Copyright RIAA president Cary Sherman broached publicly on Monday a topic that has quietly been gaining currency in some Washington copyright salons for a while now: the DMCA is broken and the time has come to fix it.
Speaking at the Technology Policy Institute’s Aspen Forum, Sherman said “the DMCA isn’t working for content people at all,” according to a report by CNet’s Declan McCullagh. “You cannot monitor all the infringements on the Internet. It’s simply not possible. We don’t have the ability to search all the places infringing content appears, such as cyberlockers like [file-hosting firm] RapidShare.”
The complaint isn’t new. Sherman’s willingness to speak publicly about a solution is at least semi-new. From CNet:
In response to a question from CNET, Sherman said it may be necessary for the U.S. Congress to enact a new law formalizing agreements with intermediaries such as broadband providers, Web hosts, payment processors, and search engines… “We’re working on [discussions with broadband providers], and we’d like to extend that kind of relationship–not just to ISPs, but [also to] search engines, payment processors, advertisers.”
But, Sherman said, “if legislation is an appropriate way to facilitate that kind of cooperation, fine.”
The CNet reporter later added this post-script:
During dinner this evening, Cary Sherman told me that his response to my question earlier Monday was not a call for new legislation. Instead, he said, the RIAA would like to see congressional action only if necessary to formalize a voluntary deal with partners such as broadband providers.
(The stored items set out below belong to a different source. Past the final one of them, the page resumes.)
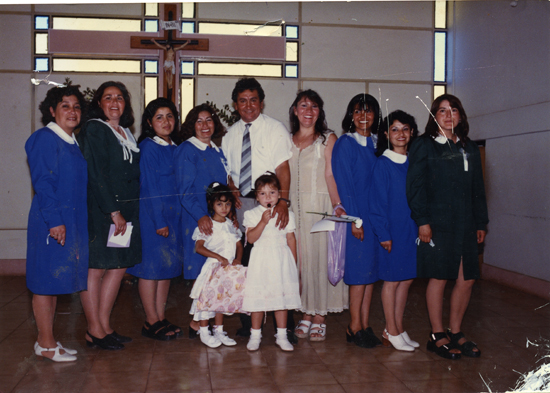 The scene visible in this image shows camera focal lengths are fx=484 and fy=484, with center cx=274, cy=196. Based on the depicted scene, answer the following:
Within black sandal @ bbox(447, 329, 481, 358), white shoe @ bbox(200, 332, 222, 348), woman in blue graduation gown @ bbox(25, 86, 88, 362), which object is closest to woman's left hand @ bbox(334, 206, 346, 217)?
black sandal @ bbox(447, 329, 481, 358)

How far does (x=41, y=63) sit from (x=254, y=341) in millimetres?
4399

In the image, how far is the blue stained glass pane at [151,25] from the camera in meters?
5.07

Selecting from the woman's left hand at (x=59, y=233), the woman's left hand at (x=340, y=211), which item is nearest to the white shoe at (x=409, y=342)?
the woman's left hand at (x=340, y=211)

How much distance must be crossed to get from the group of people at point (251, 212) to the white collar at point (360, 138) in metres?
0.02

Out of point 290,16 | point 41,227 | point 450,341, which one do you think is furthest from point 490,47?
point 41,227

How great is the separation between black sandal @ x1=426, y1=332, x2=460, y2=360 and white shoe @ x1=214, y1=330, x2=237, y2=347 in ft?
4.27

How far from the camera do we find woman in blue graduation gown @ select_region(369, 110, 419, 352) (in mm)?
3174

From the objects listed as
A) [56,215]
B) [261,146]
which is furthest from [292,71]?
[56,215]

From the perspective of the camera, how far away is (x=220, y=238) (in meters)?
3.31

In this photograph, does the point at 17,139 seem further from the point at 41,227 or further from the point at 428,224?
the point at 428,224

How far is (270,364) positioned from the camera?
9.57 ft

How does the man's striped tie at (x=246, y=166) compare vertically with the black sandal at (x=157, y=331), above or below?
above

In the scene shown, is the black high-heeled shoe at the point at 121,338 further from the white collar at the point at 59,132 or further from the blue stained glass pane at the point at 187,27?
the blue stained glass pane at the point at 187,27

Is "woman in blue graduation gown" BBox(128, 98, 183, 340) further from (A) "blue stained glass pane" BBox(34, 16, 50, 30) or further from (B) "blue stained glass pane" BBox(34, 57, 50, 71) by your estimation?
(A) "blue stained glass pane" BBox(34, 16, 50, 30) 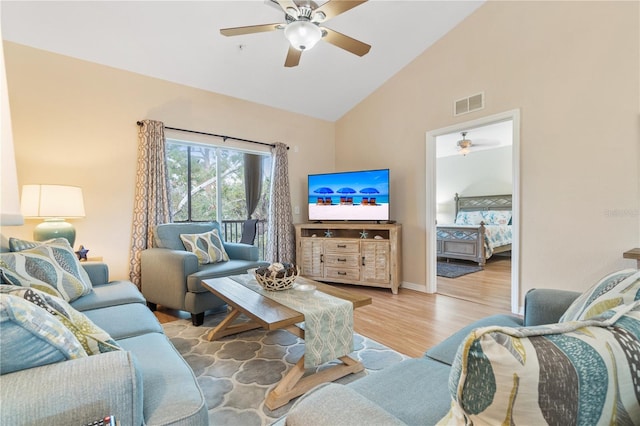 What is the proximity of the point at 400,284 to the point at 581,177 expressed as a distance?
225cm

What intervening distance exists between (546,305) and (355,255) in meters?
2.64

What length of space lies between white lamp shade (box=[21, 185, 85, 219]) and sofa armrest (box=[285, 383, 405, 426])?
9.13 feet

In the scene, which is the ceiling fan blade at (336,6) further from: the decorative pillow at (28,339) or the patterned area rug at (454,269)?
the patterned area rug at (454,269)

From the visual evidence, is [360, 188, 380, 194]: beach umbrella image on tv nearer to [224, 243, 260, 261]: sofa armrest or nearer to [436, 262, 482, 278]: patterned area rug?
[224, 243, 260, 261]: sofa armrest

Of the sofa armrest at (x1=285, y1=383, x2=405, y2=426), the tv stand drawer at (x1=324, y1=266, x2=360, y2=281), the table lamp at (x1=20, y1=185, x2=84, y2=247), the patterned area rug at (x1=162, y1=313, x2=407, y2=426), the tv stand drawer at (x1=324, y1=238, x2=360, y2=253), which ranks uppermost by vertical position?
the table lamp at (x1=20, y1=185, x2=84, y2=247)

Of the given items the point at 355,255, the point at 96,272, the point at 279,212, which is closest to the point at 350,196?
the point at 355,255

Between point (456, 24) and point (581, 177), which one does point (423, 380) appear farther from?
point (456, 24)

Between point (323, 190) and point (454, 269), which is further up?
point (323, 190)

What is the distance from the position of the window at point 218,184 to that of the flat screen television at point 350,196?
0.74 meters

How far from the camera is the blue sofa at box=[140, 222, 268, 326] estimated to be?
260 centimetres

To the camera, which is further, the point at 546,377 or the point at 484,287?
the point at 484,287

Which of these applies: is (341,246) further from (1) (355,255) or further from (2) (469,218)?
(2) (469,218)

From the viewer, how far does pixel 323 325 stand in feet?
5.38

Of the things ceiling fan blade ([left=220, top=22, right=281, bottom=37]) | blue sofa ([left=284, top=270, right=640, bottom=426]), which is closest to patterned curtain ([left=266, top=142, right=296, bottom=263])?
ceiling fan blade ([left=220, top=22, right=281, bottom=37]) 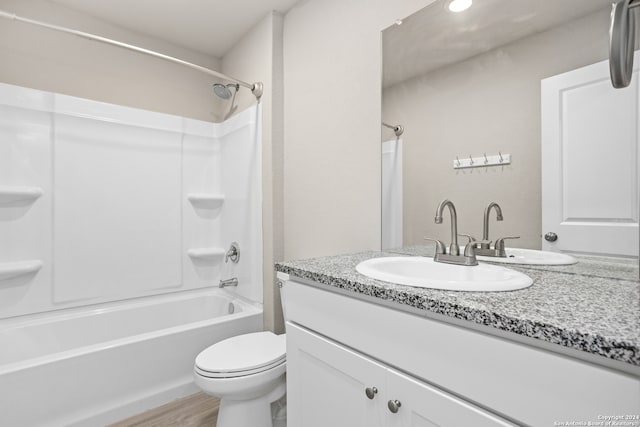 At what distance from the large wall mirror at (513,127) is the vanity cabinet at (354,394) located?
65 cm

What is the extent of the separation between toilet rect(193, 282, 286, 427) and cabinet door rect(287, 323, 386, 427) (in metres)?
0.29

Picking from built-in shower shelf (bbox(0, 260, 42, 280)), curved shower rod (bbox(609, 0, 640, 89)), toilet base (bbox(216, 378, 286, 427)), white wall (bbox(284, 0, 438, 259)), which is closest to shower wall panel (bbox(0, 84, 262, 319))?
built-in shower shelf (bbox(0, 260, 42, 280))

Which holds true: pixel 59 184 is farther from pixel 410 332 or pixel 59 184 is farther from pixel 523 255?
pixel 523 255

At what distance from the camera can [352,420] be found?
3.05 feet

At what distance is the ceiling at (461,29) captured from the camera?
1.04 metres

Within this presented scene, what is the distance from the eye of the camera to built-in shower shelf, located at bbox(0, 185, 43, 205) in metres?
1.84

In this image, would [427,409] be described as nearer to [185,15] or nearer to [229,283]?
[229,283]

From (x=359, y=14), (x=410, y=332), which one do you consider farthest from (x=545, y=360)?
(x=359, y=14)

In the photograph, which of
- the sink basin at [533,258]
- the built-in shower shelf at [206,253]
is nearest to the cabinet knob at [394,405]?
the sink basin at [533,258]

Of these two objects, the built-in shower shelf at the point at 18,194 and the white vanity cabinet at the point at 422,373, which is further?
the built-in shower shelf at the point at 18,194

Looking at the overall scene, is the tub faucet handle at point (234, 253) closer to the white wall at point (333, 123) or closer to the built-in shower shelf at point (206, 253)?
the built-in shower shelf at point (206, 253)

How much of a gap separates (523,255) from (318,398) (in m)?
0.85

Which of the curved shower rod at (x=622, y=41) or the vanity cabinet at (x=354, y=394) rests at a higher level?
the curved shower rod at (x=622, y=41)

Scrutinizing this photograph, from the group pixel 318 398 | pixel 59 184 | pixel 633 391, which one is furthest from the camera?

But a broader law enacted without their cooperation isn’t what the RIAA wants, Sherman said.
I’ll bet it isn’t. Yet that’s precisely copyright groups’ dilemma. They’re increasingly frustrated with the way the courts have been applying the DMCA and would love to see it “improved.” But they’re terrified — with good reason — of simply tossing to Congress and seeing what comes out of the sausage factory. Once the DMCA were reopened, everything would be on the table, and a lot more voices would want to be heard. The RIAA is damned if they don’t do something, but possibly damned far more if they do.
Sherman’s public comments suggest copyright owners are at least growing more open to taking the risk. On the video side, the case for seeking changes to the DMCA has grown stronger recently thanks to a string of courtroom setbacks for the studios on different sections of the law.
The Viacom v. YouTube case is the most high-profile instance in which a court has rebuffed studio efforts to narrow the scope of the §512 safe harbors in the DMCA. But it followed a string of similar cases in which courts have refused to assign liability to ISPs or OSPs based on a general knowledge of copyright infringement on their platforms.
On another front, the MPAA is scrambling to contain the damage from the Fifth Circuit’s recent ruling on the scope of the §1201 anti-circumvention provisions. But the MGE v. Power Maintenance case, too, fit a pattern of cases in which courts have found that circumventing access control features on copyrighted works is only illegal where some sort of actual infringement is going on, and not in cases where circumvention merely makes infringement technically possible. (See also the recent Copyright Office rulemaking on DMCA exemptions.)
All of those cases have made life immeasurably more difficult for traditional media companies. At the same time, the media companies have been unable to extend victories over Napster and Grokster into a broader base of case-law to support their vision for how digital commerce should be conducted.
One solution, of course, would be to find new ways of conducting commerce, which the companies are, in fact, and however fitfully, attempting to do. But in the meantime, the Congressional option seems to be growing less unthinkable than it was in the heady days of the Grokster case.